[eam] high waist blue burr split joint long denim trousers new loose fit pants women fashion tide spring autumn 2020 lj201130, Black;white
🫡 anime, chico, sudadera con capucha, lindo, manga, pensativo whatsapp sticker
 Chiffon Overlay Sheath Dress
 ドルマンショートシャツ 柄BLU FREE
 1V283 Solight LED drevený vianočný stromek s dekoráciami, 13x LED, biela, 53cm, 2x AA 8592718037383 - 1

========

**Task description**
Copy exactly, and only, the lines from the line that contains "ドルマンショートシャツ 柄BLU FREE" through the end of the data above.

**Response box**
 ドルマンショートシャツ 柄BLU FREE
 1V283 Solight LED drevený vianočný stromek s dekoráciami, 13x LED, biela, 53cm, 2x AA 8592718037383 - 1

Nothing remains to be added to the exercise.